This feature addresses the need to optimize the **Time Per Output Token (TPOT)** and **Time To First Token (TTFT)** in large-scale inference tasks. The motivation is two-fold:
1. **Adjusting Parallel Strategy and Instance Count for P and D Nodes**
Using the disaggregated-prefill strategy, this feature allows the system to flexibly adjust the parallelization strategy (e.g., data parallelism (dp), tensor parallelism (tp), and expert parallelism (ep)) and the instance count for both P (Prefiller) and D (Decoder) nodes.
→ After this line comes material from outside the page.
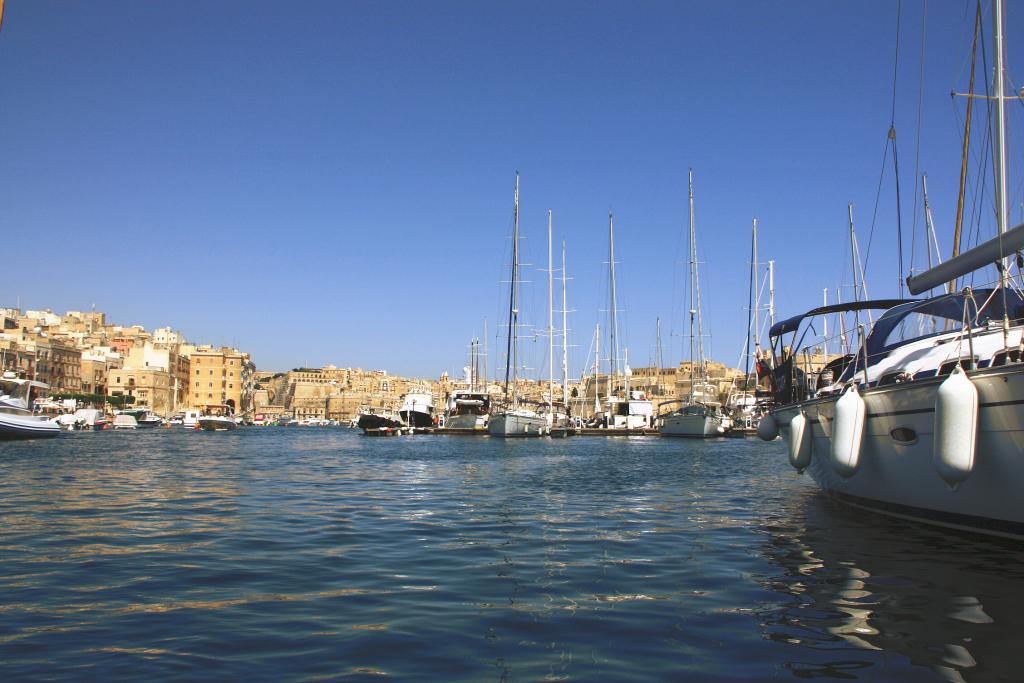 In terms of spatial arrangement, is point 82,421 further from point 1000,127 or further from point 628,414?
point 1000,127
This leads to better system performance tuning, particularly for **TTFT** and **TPOT**.
2. **Optimizing TPOT**
Without disaggregated-prefill strategy, prefill tasks are inserted during decoding, which results in inefficiencies and delays. disaggregated-prefill solves this by allowing for better control over the systems **TPOT**. By managing chunked prefill tasks effectively, the system avoids the challenge of determining the optimal chunk size and provides more reliable control over the time taken for generating output tokens.
---
## Usage
vLLM Ascend currently supports two types of connectors for handling KV cache management:
- **MooncakeConnector**: D nodes pull KV cache from P nodes.
- **MooncakeLayerwiseConnector**: P nodes push KV cache to D nodes in a layered manner.
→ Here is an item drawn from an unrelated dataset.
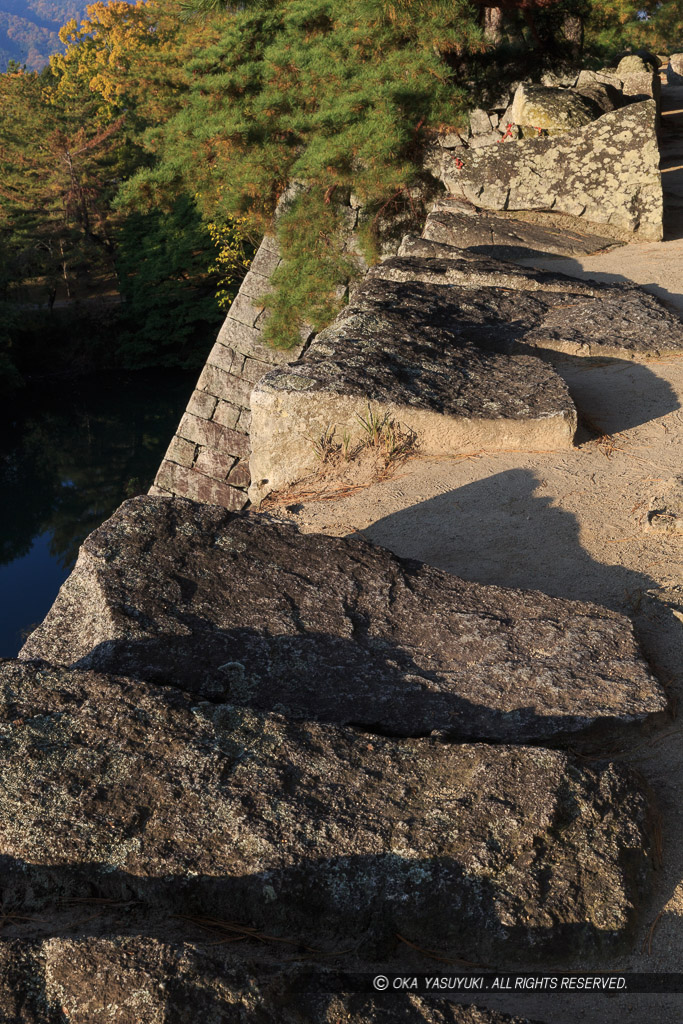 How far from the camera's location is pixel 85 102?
25547 millimetres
For step-by-step deployment and configuration, refer to the following guide:
[https://vllm-ascend.readthedocs.io/en/latest/tutorials/pd_disaggregation_mooncake_multi_node.html](https://vllm-ascend.readthedocs.io/en/latest/tutorials/pd_disaggregation_mooncake_multi_node.html)
---
## How It Works
### 1. Design Approach
Under the disaggregated-prefill, a global proxy receives external requests, forwarding prefill to P nodes and decode to D nodes; the KV cache (keyvalue cache) is exchanged between P and D nodes via peer-to-peer (P2P) communication.
### 2. Implementation Design
Our design diagram is shown below, illustrating the pull and push schemes respectively.
![alt text](../../assets/disaggregated_prefill_pull.png)
![alt text](../../assets/disaggregated_prefill_push.png)
#### Mooncake Connector:
1. The request is sent to the Proxys `_handle_completions` endpoint.
2. The Proxy calls `select_prefiller` to choose a P node and forwards the request, configuring `kv_transfer_params` with `do_remote_decode=True`, `max_tokens=1`, and `min_tokens=1`.
3. After the P nodes scheduler finishes prefill, `update_from_output` invokes the schedule connectors `request_finished` to defer KV cache release, constructs `kv_transfer_params` with `do_remote_prefill=True`, and returns to the Proxy.
4. The Proxy calls `select_decoder` to choose a D node and forwards the request.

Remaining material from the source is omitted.